New Analysis Says Projections for Global Dose Availability Likely Are Overstated; Urgent New Manufacturing is Needed


WASHINGTON, D.C. – As massive vaccine shortages cripple the global response to the greatest public health crisis in a century, Public Citizen says unrealistic vaccine manufacturing projections are undermining efforts to develop and implement a viable program to supply the doses needed to save lives and end the pandemic. In a new analysis, Public Citizen challenges the dangerous narrative that the supply problem will soon be resolved and outlines six key reasons why COVID-19 vaccine manufacturing is not meeting expectations.

“People suffering and waiting for vaccines worldwide cannot afford for leaders to embrace wildly optimistic forecasts suggesting COVID-19 doses soon will be available,” said Peter Maybarduk, director of Public Citizen’s Access to Medicines program. “Pharmaceutical companies have a financial interest in exaggerating their ability to deliver and downplaying the risks.

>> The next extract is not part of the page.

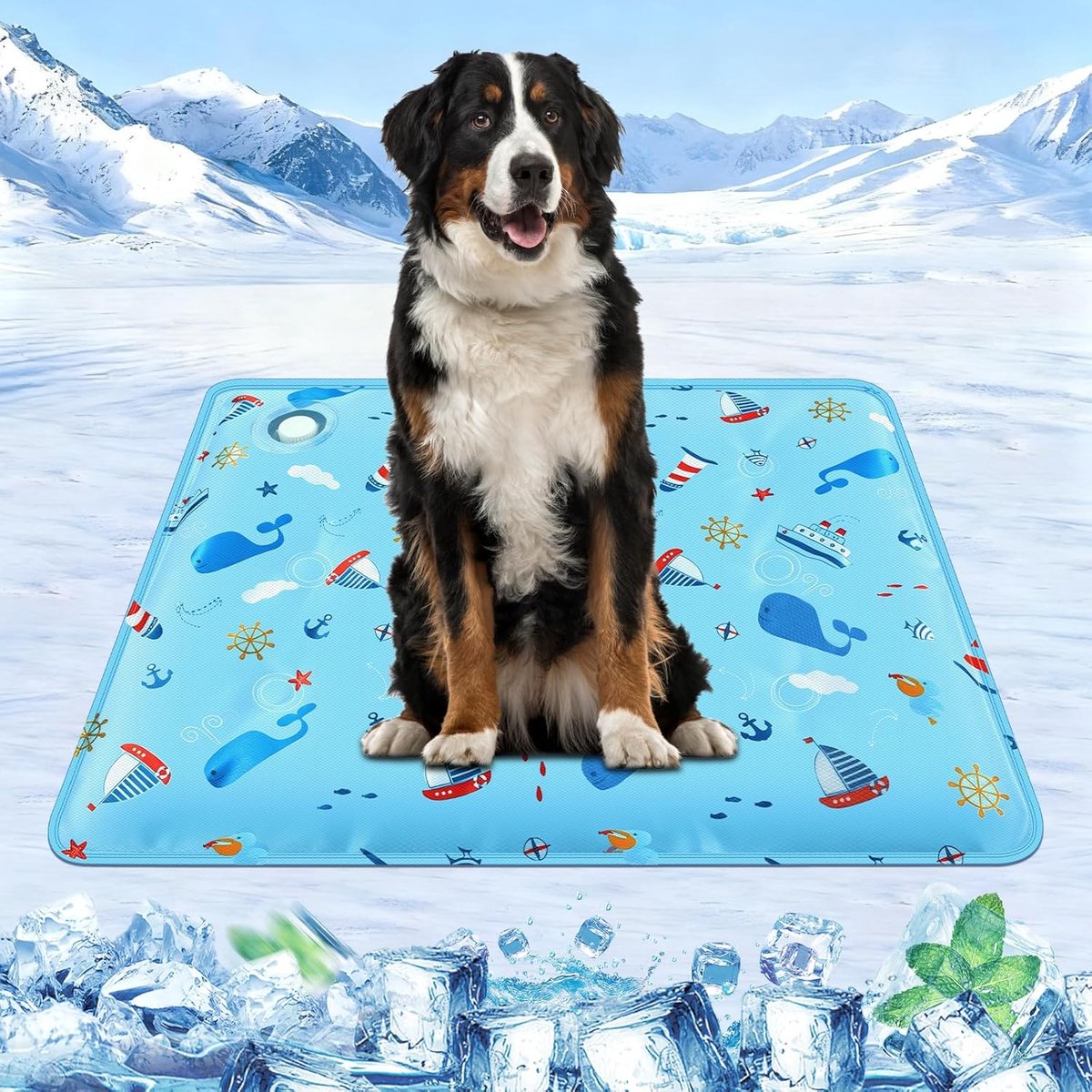 Koelmat voor honden en katten, zelfkoelende hondenkoelmat, zelfkoelende deken voor hond en kat, met niet-giftige gel, koelkussen, hondenmat, voor honden, zelfkoelende huisdiermat(60x90cm)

We need urgent public manufacturing and technology sharing to meet global need and end the pandemic.

In a recent letter to President Biden opposing an intellectual property waiver, the Pharmaceutical Research and Manufacturers of America (PhRMA) argued that “COVID-19 vaccine manufacturers will supply approximately 10 billion doses by the end of 2021, enough to vaccinate the entire current global vaccine eligible population.”  Meanwhile, COVAX, the global program to supply low-and-middle income countries, delivered only one-fifth the number of doses it expected to supply by the end of April.

“The global response to ending the pandemic cannot be based on the most optimistic assumptions.” said Zain Rizvi, law and policy researcher and author of the analysis. “Crossing our fingers is not a sustainable public health strategy.”

Public Citizen said the unrealistic projections fail to account for:

  • Some vaccines failing to obtain regulatory authorization;
  • Production errors like those at the Emergent BioSolutions facility in Baltimore and other delays in meeting production targets, including due to raw material shortages;
  • The possibility of new variants that may render some vaccines ineffective;
  • Increased global demand if boosters are needed and as wealthy countries approve vaccines for use in children and adolescents;
  • Country stockpiling.

Public Citizen and 65 other health, faith and development organizations recently called on President Biden to launch an urgent vaccine manufacturing program designed to meet global need and end the pandemic.